ーおかえりなさい。4月29日の川崎フロンターレ戦を前に喉の痛みがあったことでオンサイト検査を受けました。試合当日に言い出すのは勇気のいることだったと思いますし、すばらしい判断だったと思います。その時の気持ちを聞かせてください。

ありがとうございます。世界中が新型コロナウイルスによって苦しめられており、まだ明確ではない部分も多くあります。なにが一番大切なのか。そこに順位をつけるものではないと思います。その中で我々のようにサッカーの世界で生きている人間にとって、サッカーというものがあまりにも大事なものだと。
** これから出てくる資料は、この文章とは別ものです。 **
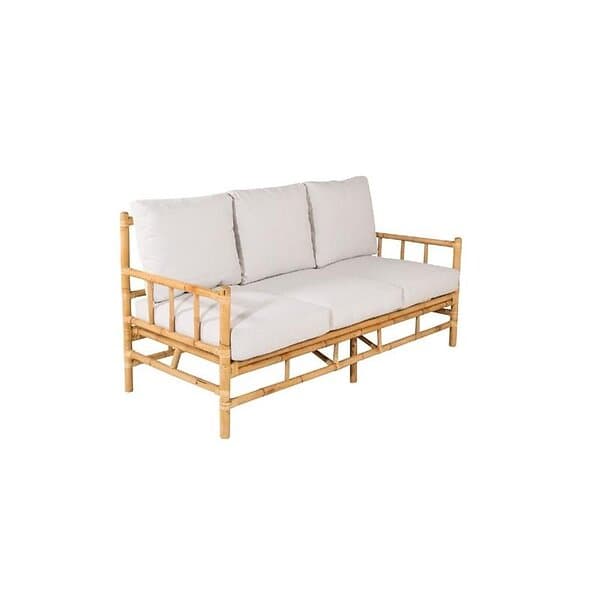 Venture Design Sofa Cane 3-seat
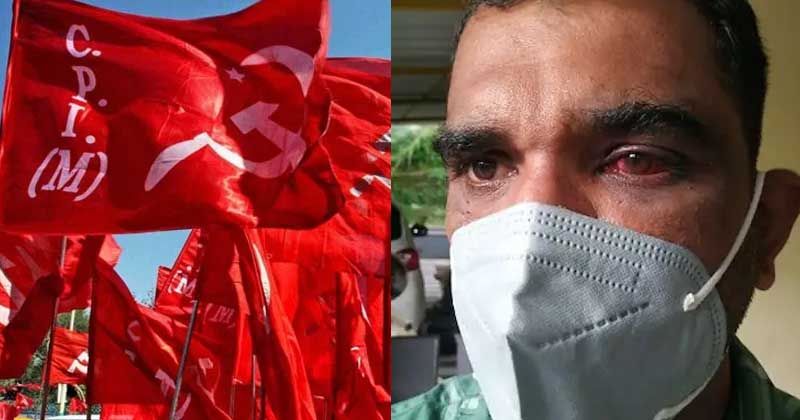 അതിഥി തൊഴിലാളിയെ തല്ലുന്നത് ചോദ്യം ചെയ്തു; കണ്ണൂരില്‍ വിമുക്ത ഭടന് സിപിഎം പ്രവർത്തകരുടെ ക്രൂര മർദ്ദനം
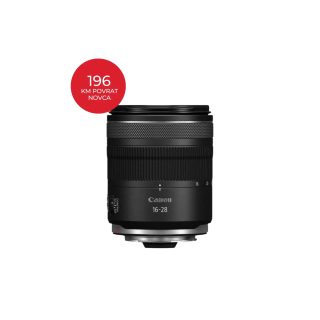 Canon RF 16-28mm F2.8 IS STM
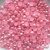 0404-5146А-Полубусины пластиковые круглые "ОмТекс", 8 мм, (уп.50гр=365+/-3шт), цв.101-св.розовый - купить в Сарове. Цена: 63.46 руб.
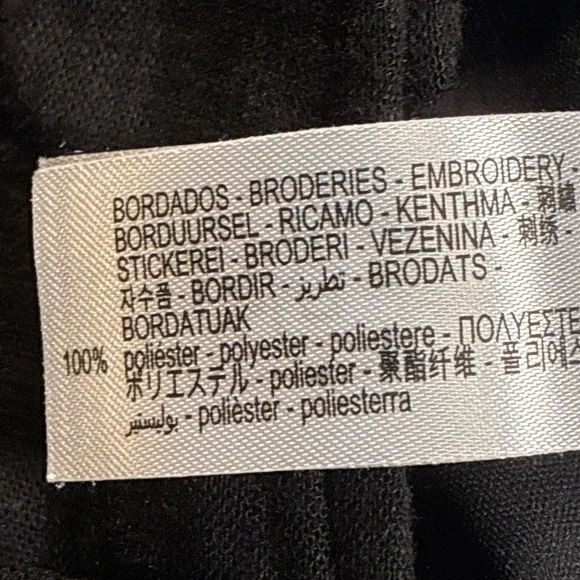 Zara Outfit Set Top & Bottom Set Womens Medium - Picture 7 of 13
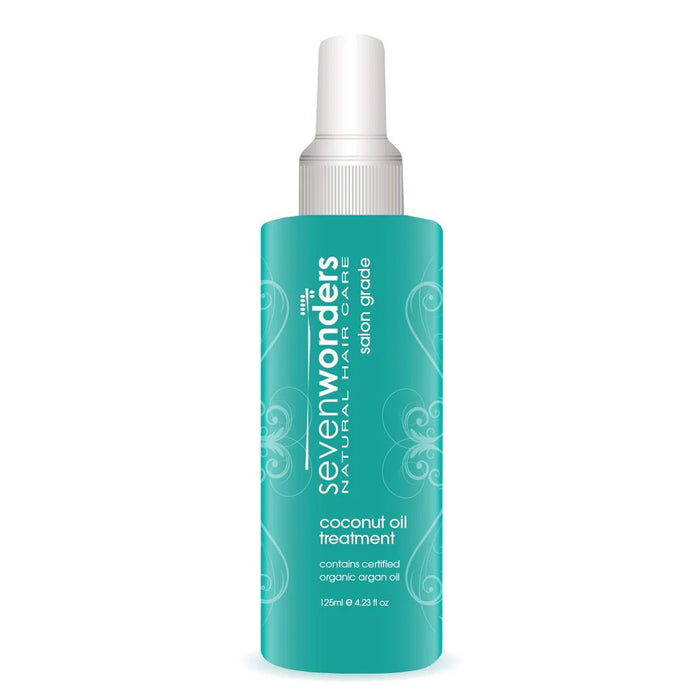 Seven Wonders Coconut Oil Treatment 50 ml Wicked NRG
なによりも大事なものがサッカー。サッカーの人間として生きていくことは変わりませんが、ただ瞬間、瞬間で今はこのような世の中で、新型コロナウイルスとどう接していくか、どう暮らしていくか。そこは疎かにしてはいけないのかなと。今年に限ってはまだそういう状況だと、ということは絶対だと思います。正しい判断ができて良かったかなと。称賛していただいたことはありがたいですけど、試合当日だっただけに、そういった影響がゲームのほうに出てしまったのかなと。私も含めてチーム全体で「そうではいけなかった」という位置づけをしなければいけませんが、(影響が)出てしまったのは残念に思います。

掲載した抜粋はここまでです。